• **DESCRIPTION OF THE TASK**:
Using the listing below, set down each line from the line containing "TaTaai Women Spring" through the line containing "Шрифт Sabresharkout –", both ends included, exactly and with nothing added.

• **STORED DATA**:
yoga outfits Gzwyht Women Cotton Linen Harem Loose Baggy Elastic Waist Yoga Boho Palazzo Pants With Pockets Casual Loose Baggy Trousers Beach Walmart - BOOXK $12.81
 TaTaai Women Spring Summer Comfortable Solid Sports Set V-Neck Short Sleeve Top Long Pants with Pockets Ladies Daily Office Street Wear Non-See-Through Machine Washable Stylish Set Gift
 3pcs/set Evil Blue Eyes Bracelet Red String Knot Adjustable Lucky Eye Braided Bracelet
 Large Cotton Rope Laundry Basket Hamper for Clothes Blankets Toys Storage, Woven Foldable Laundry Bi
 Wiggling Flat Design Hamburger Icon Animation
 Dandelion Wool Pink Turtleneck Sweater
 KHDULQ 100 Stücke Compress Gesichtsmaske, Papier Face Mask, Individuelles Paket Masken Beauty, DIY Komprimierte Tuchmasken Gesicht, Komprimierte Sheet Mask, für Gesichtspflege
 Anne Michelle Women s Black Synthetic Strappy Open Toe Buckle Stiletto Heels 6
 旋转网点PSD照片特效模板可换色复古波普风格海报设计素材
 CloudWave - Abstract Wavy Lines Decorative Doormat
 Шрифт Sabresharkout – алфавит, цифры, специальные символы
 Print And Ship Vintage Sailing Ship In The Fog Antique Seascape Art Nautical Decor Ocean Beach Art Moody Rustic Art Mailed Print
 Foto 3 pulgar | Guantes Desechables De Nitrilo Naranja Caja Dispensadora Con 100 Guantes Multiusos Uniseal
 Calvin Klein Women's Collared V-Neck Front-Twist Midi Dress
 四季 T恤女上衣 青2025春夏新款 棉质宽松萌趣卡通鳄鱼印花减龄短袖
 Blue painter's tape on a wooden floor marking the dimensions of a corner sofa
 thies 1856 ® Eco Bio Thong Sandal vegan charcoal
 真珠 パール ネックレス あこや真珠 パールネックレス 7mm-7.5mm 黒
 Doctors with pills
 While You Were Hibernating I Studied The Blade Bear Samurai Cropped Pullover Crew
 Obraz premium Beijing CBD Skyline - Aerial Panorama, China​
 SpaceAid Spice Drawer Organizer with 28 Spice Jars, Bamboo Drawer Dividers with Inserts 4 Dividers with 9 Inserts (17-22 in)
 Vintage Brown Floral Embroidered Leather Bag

• **TASK ANSWER**:
 TaTaai Women Spring Summer Comfortable Solid Sports Set V-Neck Short Sleeve Top Long Pants with Pockets Ladies Daily Office Street Wear Non-See-Through Machine Washable Stylish Set Gift
 3pcs/set Evil Blue Eyes Bracelet Red String Knot Adjustable Lucky Eye Braided Bracelet
 Large Cotton Rope Laundry Basket Hamper for Clothes Blankets Toys Storage, Woven Foldable Laundry Bi
 Wiggling Flat Design Hamburger Icon Animation
 Dandelion Wool Pink Turtleneck Sweater
 KHDULQ 100 Stücke Compress Gesichtsmaske, Papier Face Mask, Individuelles Paket Masken Beauty, DIY Komprimierte Tuchmasken Gesicht, Komprimierte Sheet Mask, für Gesichtspflege
 Anne Michelle Women s Black Synthetic Strappy Open Toe Buckle Stiletto Heels 6
 旋转网点PSD照片特效模板可换色复古波普风格海报设计素材
 CloudWave - Abstract Wavy Lines Decorative Doormat
 Шрифт Sabresharkout – алфавит, цифры, специальные символы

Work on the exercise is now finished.